* [Task details] Up to and including the line with "Ralph Lauren North", restate the records below word for word, beginning with their first line.

Supplied data Block Start

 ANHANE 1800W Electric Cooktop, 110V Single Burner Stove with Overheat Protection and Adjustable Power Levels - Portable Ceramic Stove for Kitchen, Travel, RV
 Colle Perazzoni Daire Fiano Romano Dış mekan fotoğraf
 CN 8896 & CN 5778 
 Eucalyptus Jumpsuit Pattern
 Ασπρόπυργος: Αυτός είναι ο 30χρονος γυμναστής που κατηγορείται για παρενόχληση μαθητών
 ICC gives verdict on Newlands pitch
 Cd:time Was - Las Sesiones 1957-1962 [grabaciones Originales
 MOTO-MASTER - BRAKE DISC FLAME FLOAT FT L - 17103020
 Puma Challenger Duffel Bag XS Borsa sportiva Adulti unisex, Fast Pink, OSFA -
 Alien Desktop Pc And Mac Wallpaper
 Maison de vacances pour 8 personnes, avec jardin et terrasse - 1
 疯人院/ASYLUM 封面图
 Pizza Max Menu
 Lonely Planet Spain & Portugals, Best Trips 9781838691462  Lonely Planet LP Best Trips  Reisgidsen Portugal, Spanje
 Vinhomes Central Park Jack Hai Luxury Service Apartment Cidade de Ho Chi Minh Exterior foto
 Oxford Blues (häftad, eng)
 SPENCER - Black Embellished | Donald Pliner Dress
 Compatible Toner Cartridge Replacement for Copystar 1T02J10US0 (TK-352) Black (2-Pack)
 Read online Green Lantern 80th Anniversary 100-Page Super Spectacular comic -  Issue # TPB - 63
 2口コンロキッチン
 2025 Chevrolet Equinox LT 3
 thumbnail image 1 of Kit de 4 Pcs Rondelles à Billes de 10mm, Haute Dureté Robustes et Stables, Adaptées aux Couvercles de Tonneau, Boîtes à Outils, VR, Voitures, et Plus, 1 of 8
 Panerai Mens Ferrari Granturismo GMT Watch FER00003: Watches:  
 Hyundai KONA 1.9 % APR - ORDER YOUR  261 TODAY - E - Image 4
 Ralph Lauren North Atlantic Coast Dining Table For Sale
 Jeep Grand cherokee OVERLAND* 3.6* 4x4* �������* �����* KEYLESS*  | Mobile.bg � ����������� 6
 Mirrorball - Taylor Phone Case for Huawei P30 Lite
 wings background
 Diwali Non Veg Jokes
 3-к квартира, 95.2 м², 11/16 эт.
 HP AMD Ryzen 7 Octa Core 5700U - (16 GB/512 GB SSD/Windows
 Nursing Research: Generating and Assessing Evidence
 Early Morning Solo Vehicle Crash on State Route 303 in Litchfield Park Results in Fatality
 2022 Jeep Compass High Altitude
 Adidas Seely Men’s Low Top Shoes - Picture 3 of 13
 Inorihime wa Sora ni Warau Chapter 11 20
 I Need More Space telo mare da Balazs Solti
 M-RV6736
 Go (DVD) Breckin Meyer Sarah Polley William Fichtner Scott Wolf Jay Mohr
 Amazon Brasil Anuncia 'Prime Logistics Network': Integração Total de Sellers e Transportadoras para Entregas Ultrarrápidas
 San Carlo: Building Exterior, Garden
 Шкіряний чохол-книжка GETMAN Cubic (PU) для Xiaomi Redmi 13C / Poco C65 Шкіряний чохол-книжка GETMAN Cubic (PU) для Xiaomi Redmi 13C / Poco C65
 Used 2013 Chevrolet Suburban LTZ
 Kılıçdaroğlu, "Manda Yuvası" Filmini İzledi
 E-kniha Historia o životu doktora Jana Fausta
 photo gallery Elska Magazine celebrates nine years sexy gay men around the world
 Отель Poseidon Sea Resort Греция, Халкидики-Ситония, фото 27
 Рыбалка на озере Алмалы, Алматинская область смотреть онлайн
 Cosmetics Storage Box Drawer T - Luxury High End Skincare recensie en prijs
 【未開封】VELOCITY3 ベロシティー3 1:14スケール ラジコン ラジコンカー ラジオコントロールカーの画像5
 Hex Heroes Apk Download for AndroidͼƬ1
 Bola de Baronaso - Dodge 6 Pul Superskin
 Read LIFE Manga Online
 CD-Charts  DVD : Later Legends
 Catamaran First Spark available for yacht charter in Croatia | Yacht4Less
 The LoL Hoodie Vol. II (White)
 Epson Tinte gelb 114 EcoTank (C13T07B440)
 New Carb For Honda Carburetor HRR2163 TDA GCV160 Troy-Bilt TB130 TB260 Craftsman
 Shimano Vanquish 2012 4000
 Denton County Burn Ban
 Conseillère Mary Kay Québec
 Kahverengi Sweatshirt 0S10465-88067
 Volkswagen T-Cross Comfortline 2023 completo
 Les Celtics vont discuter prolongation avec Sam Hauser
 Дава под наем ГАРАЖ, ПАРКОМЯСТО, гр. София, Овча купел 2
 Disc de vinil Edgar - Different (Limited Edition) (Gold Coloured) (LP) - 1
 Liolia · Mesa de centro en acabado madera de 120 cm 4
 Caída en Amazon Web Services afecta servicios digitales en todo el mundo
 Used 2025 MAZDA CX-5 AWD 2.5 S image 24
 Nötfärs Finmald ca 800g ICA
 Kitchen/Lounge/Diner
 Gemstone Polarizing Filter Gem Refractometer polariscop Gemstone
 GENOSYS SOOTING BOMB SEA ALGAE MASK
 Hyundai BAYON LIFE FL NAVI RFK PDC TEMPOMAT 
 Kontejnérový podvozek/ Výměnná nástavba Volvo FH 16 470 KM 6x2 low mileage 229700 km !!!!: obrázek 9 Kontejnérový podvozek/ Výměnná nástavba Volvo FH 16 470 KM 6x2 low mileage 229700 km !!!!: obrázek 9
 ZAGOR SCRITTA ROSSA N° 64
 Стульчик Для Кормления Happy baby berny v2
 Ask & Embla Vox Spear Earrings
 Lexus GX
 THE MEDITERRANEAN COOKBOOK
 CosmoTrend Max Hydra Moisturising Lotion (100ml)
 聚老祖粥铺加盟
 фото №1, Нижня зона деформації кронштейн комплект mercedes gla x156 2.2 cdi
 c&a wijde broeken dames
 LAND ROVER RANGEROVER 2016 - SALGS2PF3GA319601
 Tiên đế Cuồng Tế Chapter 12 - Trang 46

Supplied data Block End

* [Reply]
 ANHANE 1800W Electric Cooktop, 110V Single Burner Stove with Overheat Protection and Adjustable Power Levels - Portable Ceramic Stove for Kitchen, Travel, RV
 Colle Perazzoni Daire Fiano Romano Dış mekan fotoğraf
 CN 8896 & CN 5778 
 Eucalyptus Jumpsuit Pattern
 Ασπρόπυργος: Αυτός είναι ο 30χρονος γυμναστής που κατηγορείται για παρενόχληση μαθητών
 ICC gives verdict on Newlands pitch
 Cd:time Was - Las Sesiones 1957-1962 [grabaciones Originales
 MOTO-MASTER - BRAKE DISC FLAME FLOAT FT L - 17103020
 Puma Challenger Duffel Bag XS Borsa sportiva Adulti unisex, Fast Pink, OSFA -
 Alien Desktop Pc And Mac Wallpaper
 Maison de vacances pour 8 personnes, avec jardin et terrasse - 1
 疯人院/ASYLUM 封面图
 Pizza Max Menu
 Lonely Planet Spain & Portugals, Best Trips 9781838691462  Lonely Planet LP Best Trips  Reisgidsen Portugal, Spanje
 Vinhomes Central Park Jack Hai Luxury Service Apartment Cidade de Ho Chi Minh Exterior foto
 Oxford Blues (häftad, eng)
 SPENCER - Black Embellished | Donald Pliner Dress
 Compatible Toner Cartridge Replacement for Copystar 1T02J10US0 (TK-352) Black (2-Pack)
 Read online Green Lantern 80th Anniversary 100-Page Super Spectacular comic -  Issue # TPB - 63
 2口コンロキッチン
 2025 Chevrolet Equinox LT 3
 thumbnail image 1 of Kit de 4 Pcs Rondelles à Billes de 10mm, Haute Dureté Robustes et Stables, Adaptées aux Couvercles de Tonneau, Boîtes à Outils, VR, Voitures, et Plus, 1 of 8
 Panerai Mens Ferrari Granturismo GMT Watch FER00003: Watches:  
 Hyundai KONA 1.9 % APR - ORDER YOUR  261 TODAY - E - Image 4
 Ralph Lauren North Atlantic Coast Dining Table For Sale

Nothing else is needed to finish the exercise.